Townsend had the people very much in his mind when he designed the gallery, and the main doors invite people to go straight in at street level. These doors are placed asymmetrically to one side, and the large semi-circular light above them takes the eye upwards and outwards into a large, rounded, keyed arch.

Perhaps this is a defiant answer to the underground trains already running through the darkness here when the gallery was first opened. In contrast to a station’s, the gallery’s portal is bright and inviting, opening quickly into a space where the mind rather than the body might be transported, and its horizons widened.

An expanse of blank wall, originally intended to carry a mosaic by Walter Crane, leads up from the arch to a single run of small windows between two string courses, with some little blocks of foliage-patterning at each end.

The latter motif is picked up again in two wide bands at the base of the towers. The tree forms as planned for here can be seen clearly in the Studio drawing. Like the large rounded portal, they seem to spring from the earth, and are typical of Townsend.

The towers are topped with the curved mouldings that Townsend also loved to use, suggesting the domes that he had originally planned. The turrets on each side are capped with rather jaunty, even playful, ridge-tiling. The government listing describes the gallery’s frontage as ‘an imaginatively detailed and massed façade.’

The gallery has a long track record of education and outreach projects, focused on local people. It exhibits the work of contemporary artists, as well as organising retrospective exhibitions and shows that are of interest to the local community.
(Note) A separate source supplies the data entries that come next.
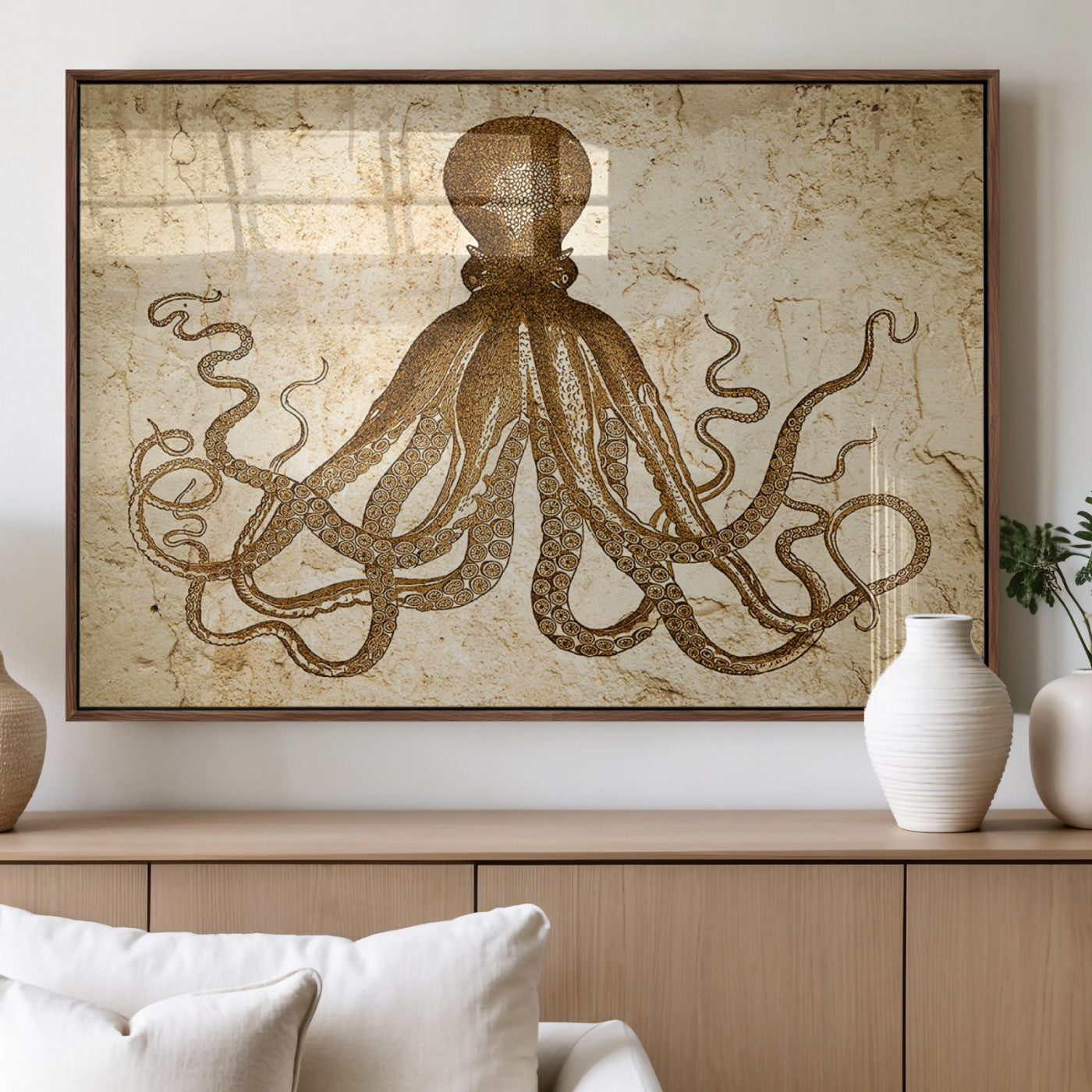 MGV-FP-60X30-3P - Sepia Octopus Wall Art Abstract Animal Canvas Print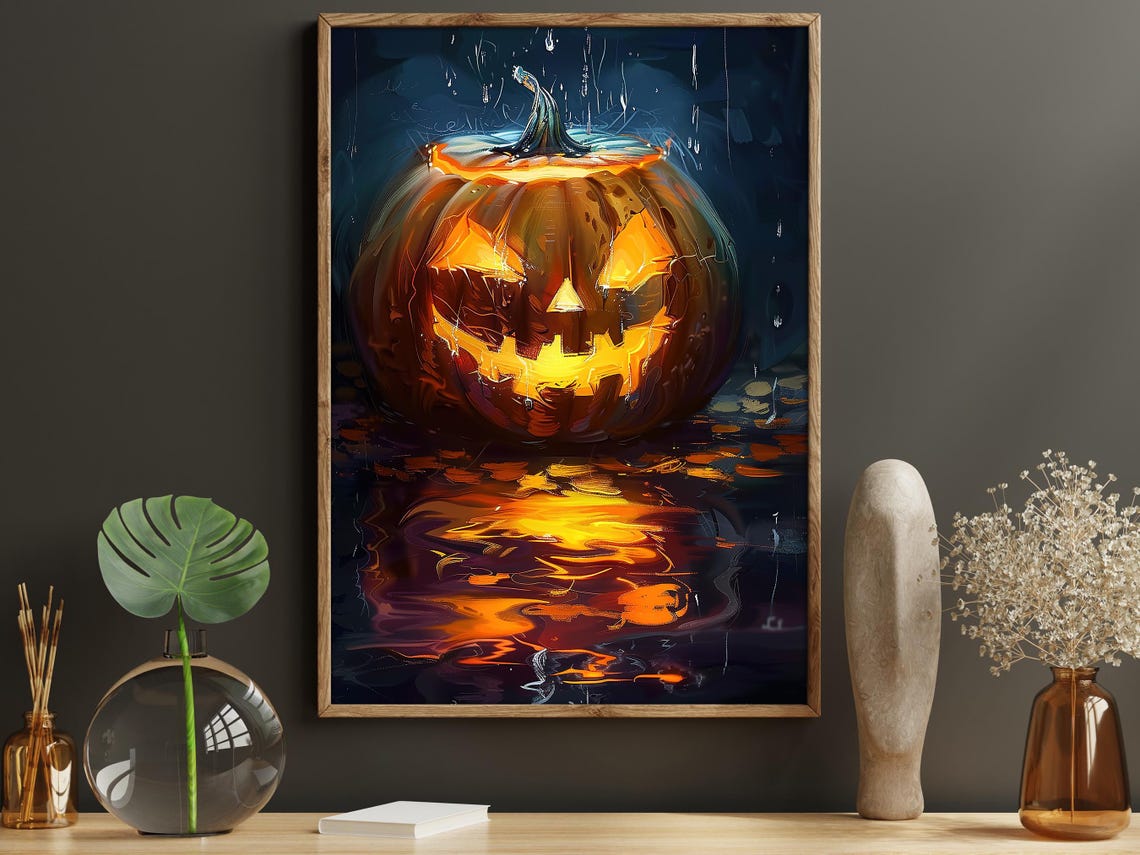 Glowing Jack O Lantern In Rain Spooky Halloween Pumpkin Art Poster - Image 5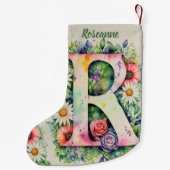 フローラデザインカスタムモノグラム水彩花 スモールクリスマスストッキング (裏面)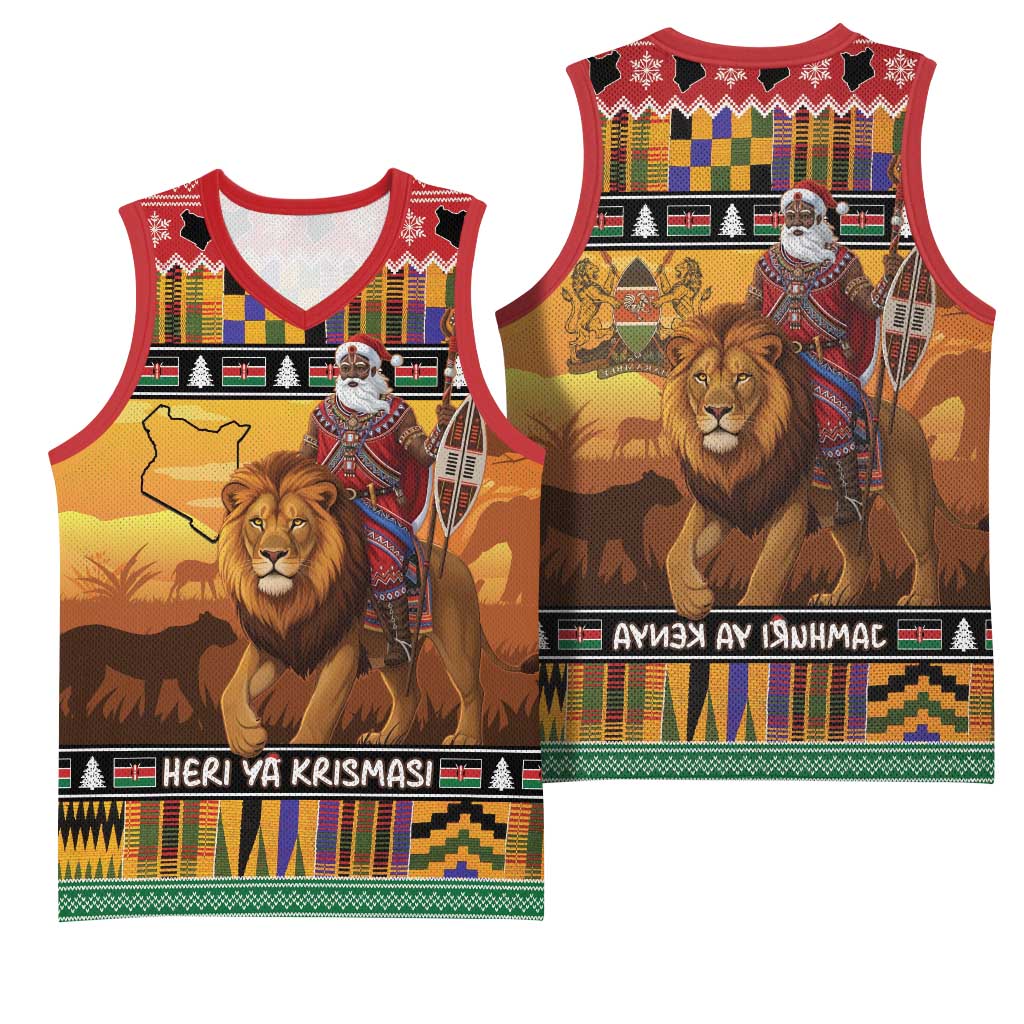 Afro Christmas in Kenya Safari Basketball Jersey Black Santa Riding Lion - African Pride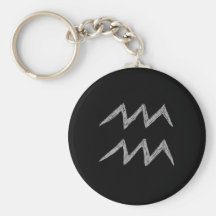 Aquarius. Zodiac Astrology Sign. Keychains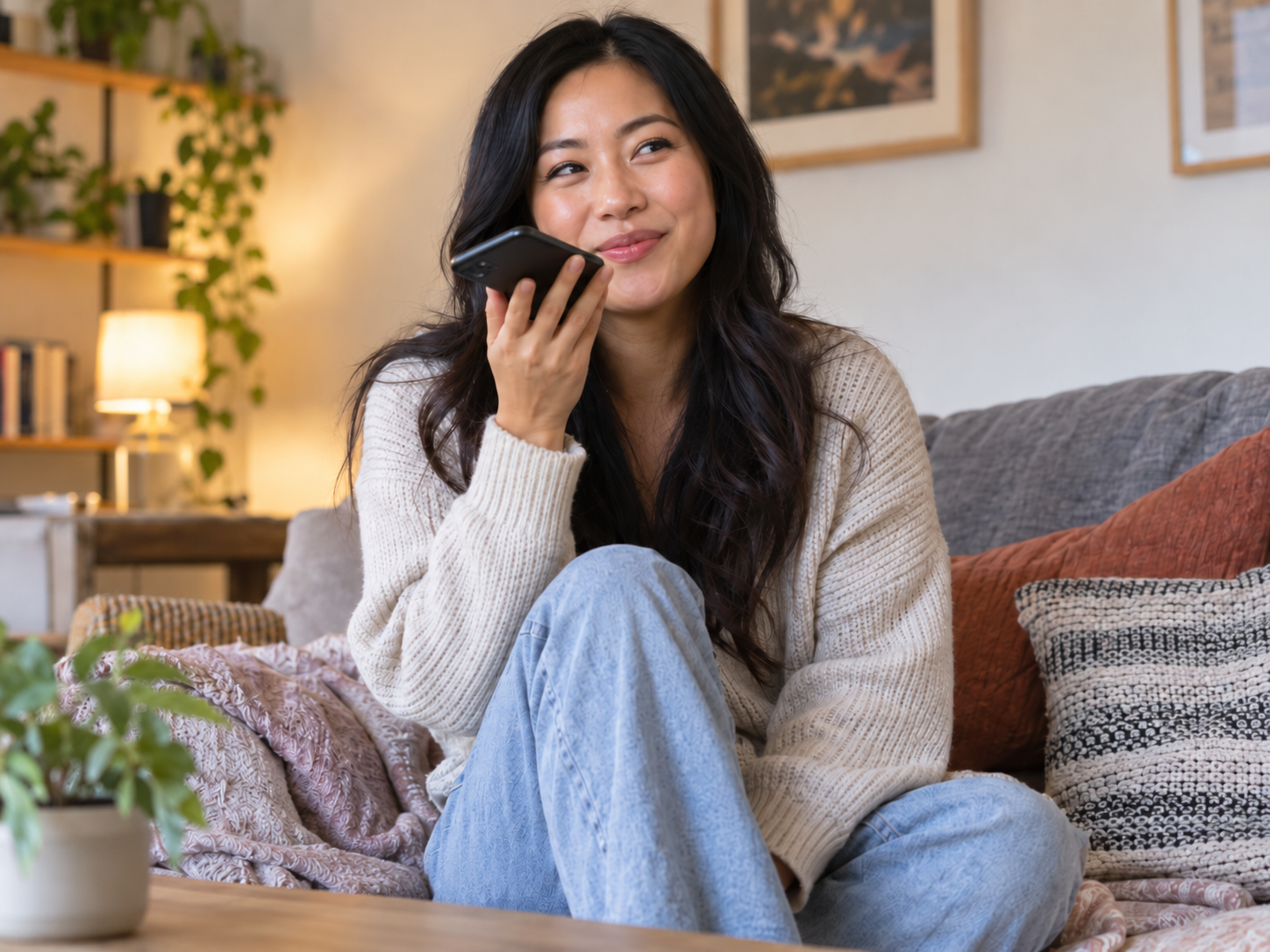 Asian woman recording a light-hearted dating profile voice introduction on her phone at home.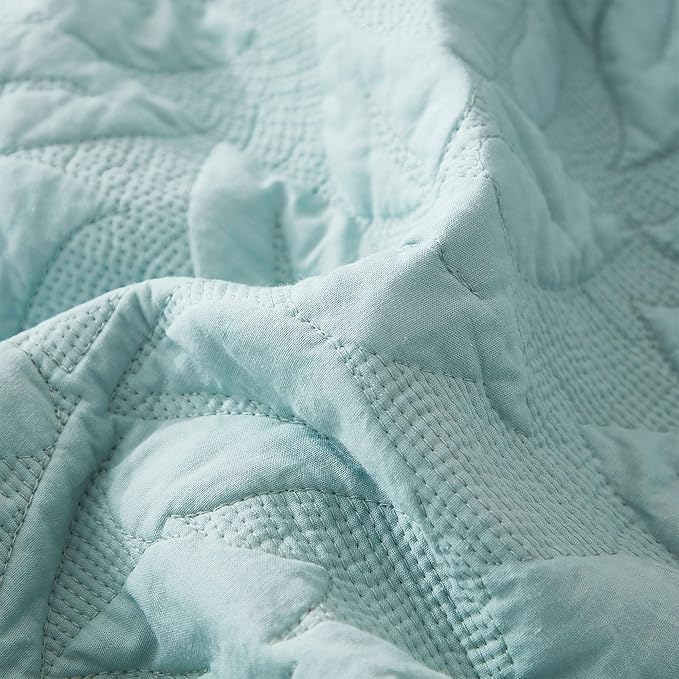 MarCielo 3-Piece 100% Cotton Oversized Bedspread Lightweight Quilt Coverlet Embroidery Farmhouse Bedding Set T0 (Aruba Blue, Oversized King (118"x106"))-Ruum Studio Home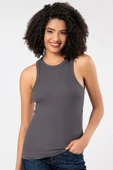 ERDEM İÇ GİYİM Weweus Antrasit Viskon Kaşkorse Halter Yaka Yumuşak Dokulu Atlet Body Tişört 2107 thumbnail 4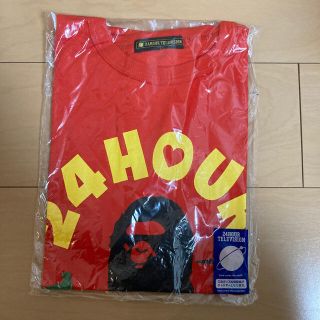 アベイシングエイプ(A BATHING APE)の値下げ！　24時間テレビ  A BATHING APE Tシャツ  赤　Lサイズ(Tシャツ/カットソー(半袖/袖なし))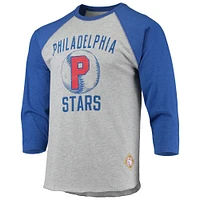 Men's Stitches Heathered Gray/Royal Philadelphia Stars Negro League Wordmark Raglan 3/4-Sleeve T-Shirt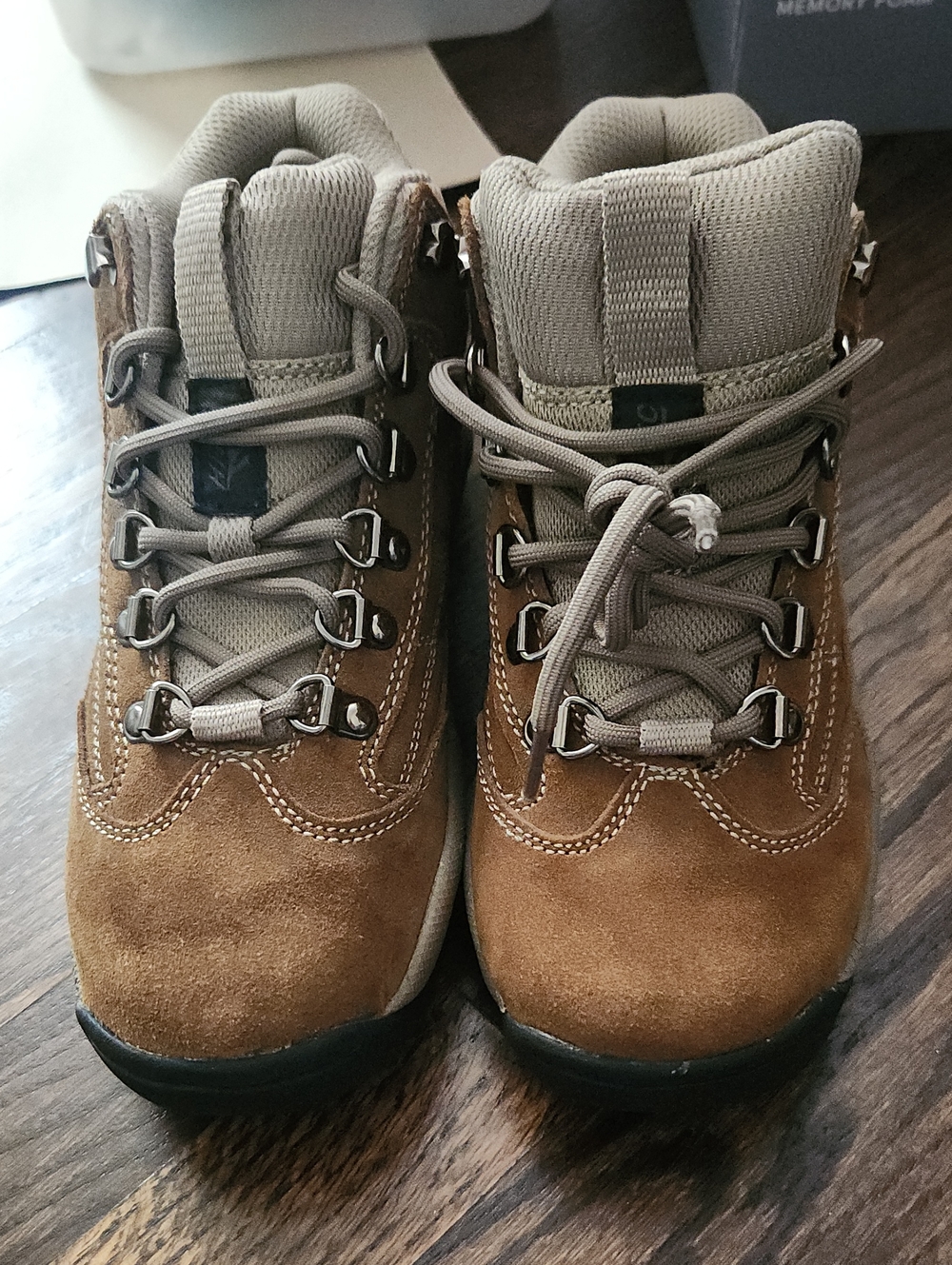 Hi-Tec Brown Suede Lace-Up Boots with Gray Accents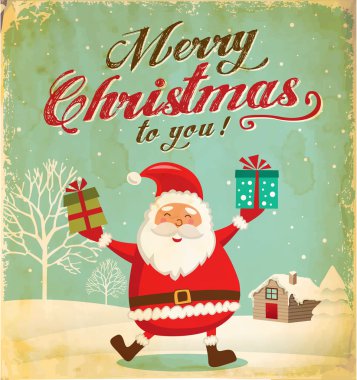 Vintage kış manzarası ile Noel Baba. vektör çizim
Next door, Whitechapel Library also opened on the initiative of Samuel and Henrietta Barnett, and was funded by John Passmore Edwards (1823-1911). It was the first free library in Whitechapel. It opened on Sundays to serve the Jewish community of the East End. Early readers included the poet and artist Isaac Rosenberg (1890-1918), who is commemorated as war poet from World War I in Westminster Abbey and commemorated here by a plaque.

Whitechapel gallery opened on Sunday afternoons to allow local Jewish residents to visit, and it gained a reputation for launching the careers of many 20th century artists. Those from the Jewish End, later known as the Whitechapel Boys – six men and one woman – included David Bomberg, John Rodker and Mark Gertler.

Mark Gertler (1891-1939) was born in Spitalfields. He was nurtured by Lady Ottoline Morrell and was on the fringes of the Bloomsbury Set. Many of his paintings depict memories of East End life.

The Whitechapel Gallery exhibited Pablo Picasso’s Guernica in 1938 as part of a touring exhibition organised by Roland Penrose to protest against the Spanish Civil War.

The Whitechapel Gallery played an important part in the history of post-war British art, with several important exhibitions at the gallery, including the first British exhibition by Mark Rothko in 1961, and works by John Hoyland, Bridget Riley, David Hockney and Patrick Caulfield among others in 1964. That exhibition brought Pop Art to the general public and introduces some of the artists, concepts, designers and photographers that would define the ‘Swinging ’60s’.

However, these open shows became less relevant as emerging artists moved to other areas and newer venues, such as the Hayward Gallery.

The Whitechapel Gallery had a major refurbishment in 1986 and in 2009 completed a two-year programme incorporating the former Passmore Edwards Library building next door. This has doubled the size of the Gallery and almost tripled the available exhibition space, allowing the Whitechapel Gallery to remain open to the public all year round.

A plaque at Whitechapel Library commemorating the war poet Isaac Rosenberg (Photograph: Patrick Comerford, 2020)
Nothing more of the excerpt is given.